2nd Generation Crowd Annotation to Shift AI-NLP Game

Nick Adams, Ph.D.
Jun 4 · 4 min read
New crowd work tools are ready to take on big, complex language analysis projects and train the AI of the future.

They say data is the new oil — and AI will provide the oil derricks necessary to realize its immense value. By all accounts, we are in the early days of a boom. Forrester Research values the AI market at $1.2 Trillion. Tractica values it at a more modest $10B, growing to $100B by 2025. Market Research Engine pegs it at $191B by 2024. And McKinsey Consulting expects AI to add $2.6 Trillion of value annually in the marketing and sales sectors alone.

But not all AI is the same, because not all data are the same. While AI applications sometimes quickly derive insights from numeric or image data, computers are nearly as ineffectual as ever when facing human language. The field of natural language processing (NLP) has progressed only slowly over the decades, and one fact remains the same: computers do not understand language the way we humans do. In fact, the best performing NLP algorithms have all been trained (via supervised machine learning approaches) with data that was painstakingly labeled by humans. It’s no surprise that a raft of recent news stories are reporting that a lot of whiz bang AI is actually bootstrapped by factories of humans creating labeled training data. While this human-centric approach is very helpful for numeric and image data, it is absolutely necessary when working with natural language data.

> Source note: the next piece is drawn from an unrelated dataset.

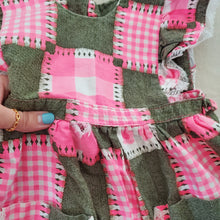 Load image into Gallery viewer, Vintage 60s/70s Patchwork Floral Dress kids 6 *flaw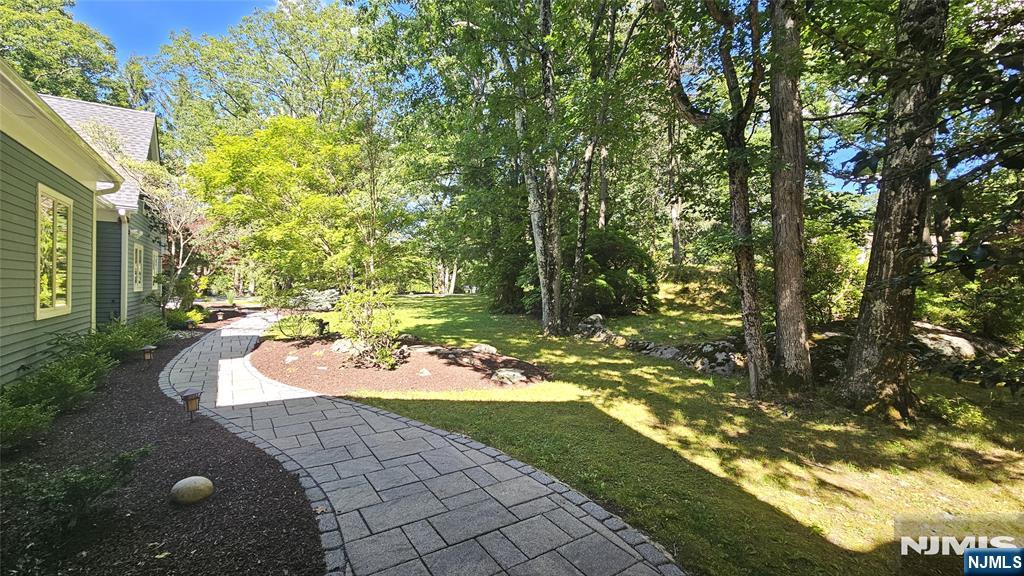 738 Ridge Road - Photo 4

It may be better, then, to think of natural language data as the new shale oil. No typical oil derrick is going to extract its value. A lot of human effort will be required to build AI capable of understanding the $2.6T of marketing and sales insights lurking within the world’s marketing copy, business reports, and customer testimonials and complaints.

Fortunately, a new generation natural language data labeling system is being made available by Thusly Inc. — a company I founded to help unlock and spread the knowledge and expertise that fuels our information economy. First-generation natural language labeling tools were of two types: expert-only, or crowd-based. The expert-only tools — often called content analysis software or CAQDAS— were designed for the highly-skilled researcher who knows what to label in her documents and only has a few hundred documents to analyze. But they were almost never used for larger projects because they required the expert to first transfer her expertise (via too much onerous training and supervision) to other people so they could use the tool alongside her.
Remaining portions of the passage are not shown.